SOURCE MATERIAL ::
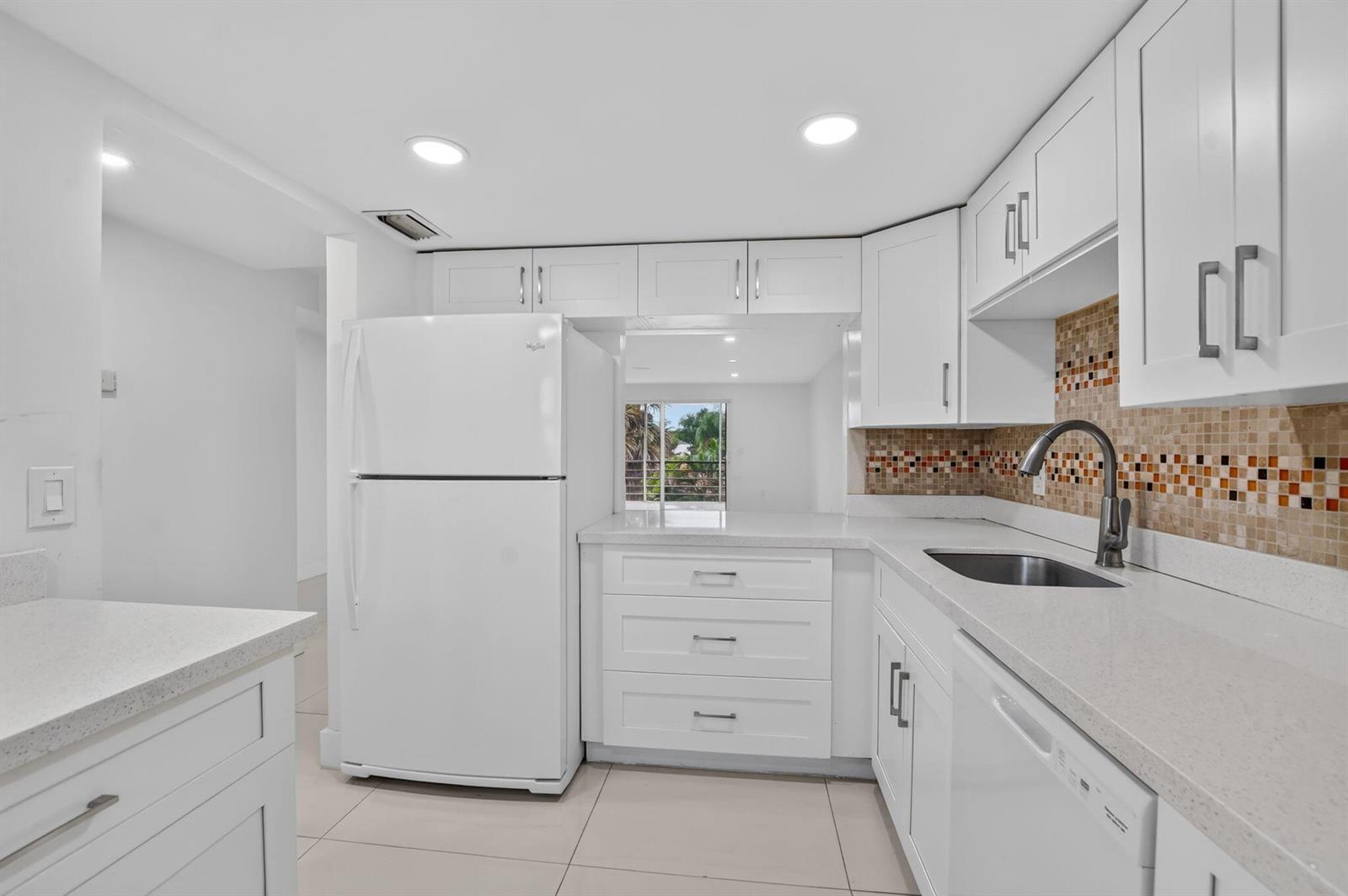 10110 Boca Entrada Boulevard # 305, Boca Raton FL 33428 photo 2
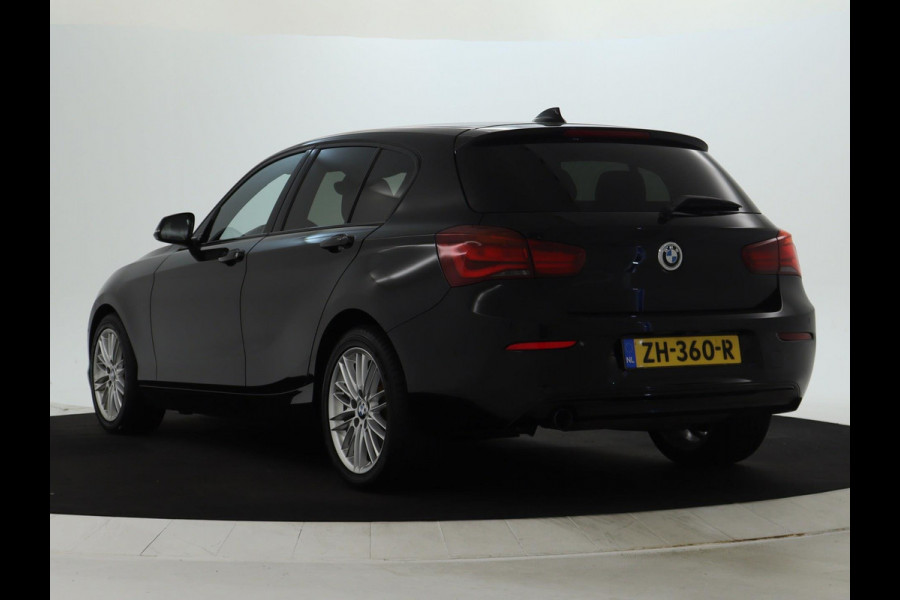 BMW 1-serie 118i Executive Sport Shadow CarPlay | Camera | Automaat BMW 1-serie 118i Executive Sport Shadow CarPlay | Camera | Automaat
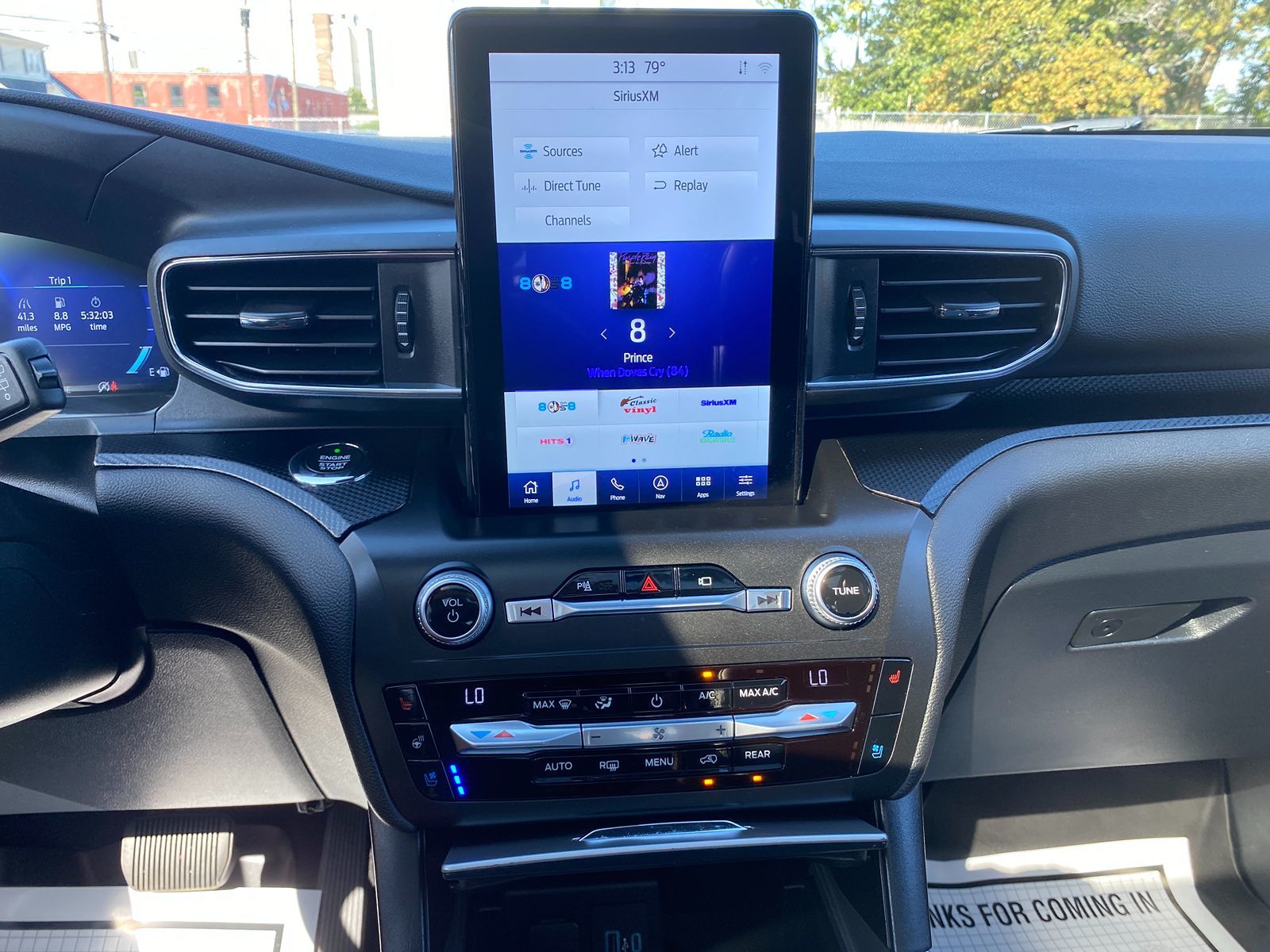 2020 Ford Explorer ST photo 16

WHAT THE TASK ASKS :: Restate the whole listing word for word. Omit the pictures.

RESPONSE BELOW ::
 10110 Boca Entrada Boulevard # 305, Boca Raton FL 33428 photo 2
 BMW 1-serie 118i Executive Sport Shadow CarPlay | Camera | Automaat BMW 1-serie 118i Executive Sport Shadow CarPlay | Camera | Automaat
 2020 Ford Explorer ST photo 16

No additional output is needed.